I have read and followed a fair amount of Uncle Bob’s work but was not aware of Ousterhout till now. Bob says during the time the Clean Code book was written there was an anti-comment sentiment about and this matches my own experience. I agree with Ousterhout that it’s taken too far in his book though.
I wonder if there is another factor at play - some people/cultures prefer high context communication and some less. Bob seems clearly to prefer low context i.e. the burden is on the (code) reader to educate themselves. Whereas John makes it a matter of professional behaviour that we make the next reader’s work as simple as possible by commenting code as appropriate.
Surely it’s better to assume high context is needed and provide it (within reason) versus only catering for low context. As Bob discovered he became a low context person when he returned to his own code after some time had passed.

Absolutely, if I remember right he leans back on having experienced bad comments more often than helpful ones. John questions this. I think it is close to dogma with Bob on this.

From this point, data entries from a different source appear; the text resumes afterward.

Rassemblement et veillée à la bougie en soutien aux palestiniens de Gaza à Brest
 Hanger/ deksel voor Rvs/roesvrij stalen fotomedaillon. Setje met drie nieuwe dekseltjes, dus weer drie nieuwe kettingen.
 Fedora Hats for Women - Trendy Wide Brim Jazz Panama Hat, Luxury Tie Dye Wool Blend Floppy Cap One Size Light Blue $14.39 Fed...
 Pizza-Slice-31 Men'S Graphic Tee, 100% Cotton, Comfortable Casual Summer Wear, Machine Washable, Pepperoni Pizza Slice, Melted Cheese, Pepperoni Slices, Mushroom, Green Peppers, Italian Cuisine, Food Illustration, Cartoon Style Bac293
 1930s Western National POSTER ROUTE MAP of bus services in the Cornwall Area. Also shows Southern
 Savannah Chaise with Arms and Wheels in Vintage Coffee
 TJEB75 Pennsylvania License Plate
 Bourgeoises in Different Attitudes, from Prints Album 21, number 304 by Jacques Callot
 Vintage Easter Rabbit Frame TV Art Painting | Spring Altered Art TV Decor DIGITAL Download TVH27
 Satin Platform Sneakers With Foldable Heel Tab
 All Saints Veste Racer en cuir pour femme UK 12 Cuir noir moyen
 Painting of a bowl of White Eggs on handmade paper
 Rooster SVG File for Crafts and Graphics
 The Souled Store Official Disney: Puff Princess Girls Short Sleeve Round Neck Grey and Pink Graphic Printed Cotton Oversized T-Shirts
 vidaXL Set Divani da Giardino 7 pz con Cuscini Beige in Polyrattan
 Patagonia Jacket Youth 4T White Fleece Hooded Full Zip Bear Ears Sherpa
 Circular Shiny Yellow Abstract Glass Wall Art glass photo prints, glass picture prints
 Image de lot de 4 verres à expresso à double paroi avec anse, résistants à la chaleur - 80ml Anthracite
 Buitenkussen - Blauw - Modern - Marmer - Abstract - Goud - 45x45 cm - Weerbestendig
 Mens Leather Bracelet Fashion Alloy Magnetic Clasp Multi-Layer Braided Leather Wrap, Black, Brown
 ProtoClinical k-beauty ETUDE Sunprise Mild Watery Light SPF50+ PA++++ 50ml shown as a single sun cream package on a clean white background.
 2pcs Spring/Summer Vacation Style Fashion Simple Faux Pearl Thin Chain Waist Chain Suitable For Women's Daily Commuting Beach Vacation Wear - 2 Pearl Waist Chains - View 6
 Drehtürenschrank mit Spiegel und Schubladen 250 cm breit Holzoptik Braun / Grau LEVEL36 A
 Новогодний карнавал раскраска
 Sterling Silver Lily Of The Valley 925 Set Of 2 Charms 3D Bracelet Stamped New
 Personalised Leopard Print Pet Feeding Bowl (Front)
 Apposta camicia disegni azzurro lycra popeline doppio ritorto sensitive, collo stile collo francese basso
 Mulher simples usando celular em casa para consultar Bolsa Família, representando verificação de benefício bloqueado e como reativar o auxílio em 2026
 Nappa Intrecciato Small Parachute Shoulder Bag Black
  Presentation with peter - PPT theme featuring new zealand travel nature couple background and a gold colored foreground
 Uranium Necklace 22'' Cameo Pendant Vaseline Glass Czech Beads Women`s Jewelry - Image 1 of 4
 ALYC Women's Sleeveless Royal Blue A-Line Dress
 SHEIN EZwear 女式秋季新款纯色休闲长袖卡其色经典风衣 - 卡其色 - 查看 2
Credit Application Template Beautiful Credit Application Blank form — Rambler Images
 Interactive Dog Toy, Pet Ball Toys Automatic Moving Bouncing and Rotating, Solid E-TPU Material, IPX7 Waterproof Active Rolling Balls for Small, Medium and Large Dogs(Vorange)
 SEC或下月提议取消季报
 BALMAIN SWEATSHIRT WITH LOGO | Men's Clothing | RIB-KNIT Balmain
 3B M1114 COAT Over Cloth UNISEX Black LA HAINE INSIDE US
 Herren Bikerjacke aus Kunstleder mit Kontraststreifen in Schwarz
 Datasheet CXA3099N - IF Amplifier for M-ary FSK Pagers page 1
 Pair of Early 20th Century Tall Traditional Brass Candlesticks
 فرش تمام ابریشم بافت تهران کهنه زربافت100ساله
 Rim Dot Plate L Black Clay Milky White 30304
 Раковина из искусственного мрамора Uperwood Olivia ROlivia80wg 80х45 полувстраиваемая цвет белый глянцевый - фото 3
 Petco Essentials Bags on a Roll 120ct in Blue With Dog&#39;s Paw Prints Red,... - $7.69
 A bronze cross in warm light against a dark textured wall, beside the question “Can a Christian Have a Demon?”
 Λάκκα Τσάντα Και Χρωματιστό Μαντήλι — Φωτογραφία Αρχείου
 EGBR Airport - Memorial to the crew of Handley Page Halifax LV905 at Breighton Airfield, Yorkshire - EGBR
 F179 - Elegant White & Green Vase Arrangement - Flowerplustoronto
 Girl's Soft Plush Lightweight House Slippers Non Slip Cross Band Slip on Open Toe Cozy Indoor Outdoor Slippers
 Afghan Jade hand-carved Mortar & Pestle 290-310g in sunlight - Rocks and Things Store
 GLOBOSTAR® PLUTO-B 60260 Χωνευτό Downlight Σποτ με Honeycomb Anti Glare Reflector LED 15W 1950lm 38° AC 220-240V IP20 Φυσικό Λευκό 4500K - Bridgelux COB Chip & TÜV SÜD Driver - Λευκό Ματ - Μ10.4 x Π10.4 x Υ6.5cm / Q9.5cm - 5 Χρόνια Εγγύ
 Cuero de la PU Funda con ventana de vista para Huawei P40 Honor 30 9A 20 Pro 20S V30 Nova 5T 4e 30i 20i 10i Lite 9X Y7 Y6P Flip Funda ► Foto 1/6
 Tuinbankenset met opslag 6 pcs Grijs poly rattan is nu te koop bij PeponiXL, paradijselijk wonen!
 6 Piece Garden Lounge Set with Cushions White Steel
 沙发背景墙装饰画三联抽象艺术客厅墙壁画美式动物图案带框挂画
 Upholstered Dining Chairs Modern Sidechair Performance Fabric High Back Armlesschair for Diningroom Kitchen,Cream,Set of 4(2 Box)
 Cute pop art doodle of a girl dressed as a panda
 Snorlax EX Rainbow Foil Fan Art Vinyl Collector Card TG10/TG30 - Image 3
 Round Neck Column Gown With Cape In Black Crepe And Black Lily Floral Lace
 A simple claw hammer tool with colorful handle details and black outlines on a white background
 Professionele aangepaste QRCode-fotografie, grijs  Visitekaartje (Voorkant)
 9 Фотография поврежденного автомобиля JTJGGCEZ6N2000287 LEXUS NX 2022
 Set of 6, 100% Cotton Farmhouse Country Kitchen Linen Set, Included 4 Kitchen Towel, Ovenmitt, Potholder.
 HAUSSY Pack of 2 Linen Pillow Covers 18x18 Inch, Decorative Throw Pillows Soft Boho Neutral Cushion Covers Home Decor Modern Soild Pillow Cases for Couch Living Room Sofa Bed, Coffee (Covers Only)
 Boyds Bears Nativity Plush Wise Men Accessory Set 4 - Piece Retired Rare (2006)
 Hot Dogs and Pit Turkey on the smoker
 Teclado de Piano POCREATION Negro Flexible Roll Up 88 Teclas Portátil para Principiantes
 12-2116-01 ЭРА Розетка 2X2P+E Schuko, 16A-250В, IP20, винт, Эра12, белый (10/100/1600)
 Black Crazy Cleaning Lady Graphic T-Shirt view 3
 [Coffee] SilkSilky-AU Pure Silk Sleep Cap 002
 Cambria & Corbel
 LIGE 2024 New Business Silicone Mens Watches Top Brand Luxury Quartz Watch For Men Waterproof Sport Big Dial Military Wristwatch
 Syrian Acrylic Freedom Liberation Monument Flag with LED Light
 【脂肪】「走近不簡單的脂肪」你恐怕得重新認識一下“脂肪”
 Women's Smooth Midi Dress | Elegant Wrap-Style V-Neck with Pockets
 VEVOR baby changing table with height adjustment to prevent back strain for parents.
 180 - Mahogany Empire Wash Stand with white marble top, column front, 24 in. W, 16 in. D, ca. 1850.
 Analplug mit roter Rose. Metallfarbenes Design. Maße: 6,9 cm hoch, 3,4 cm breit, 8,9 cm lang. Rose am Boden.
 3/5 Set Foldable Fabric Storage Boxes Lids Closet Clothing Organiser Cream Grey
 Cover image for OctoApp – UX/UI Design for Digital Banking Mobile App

Quote from https://en.wikipedia.org/wiki/High-context_and_low-context_cultures
Now I’m not making a strong claim that Bob and John are from different ends of the context spectrum. However it seems to me that Bob believes there is enough ‘context’ available in code and in coders themselves to communicate all meaning without comments.
Even Bob’s diagram, to help explain the primes algorithm, assumes high context in the reader. It’s lacking any labels or key - we are just supposed to see what he means if we stare hard enough at it. If we are already immersed in the problem space then this might work but its so inefficient for anyone else.
And once we step away from our code for even a short time we are that someone else. We are going to waste a lot of time rediscovering how the algorithm works. A case John makes convincingly I think.
Code cannot replace comments. The primes algorithm avoids division I believe but this is not clear from the code alone. A reader might work this out eventually but a comment saves so much time. Could the code be refactored to clearly express the avoidance of division? Yes there’s probably a way, but imagine how bad that code would read and what a waste of time just to avoid a comment.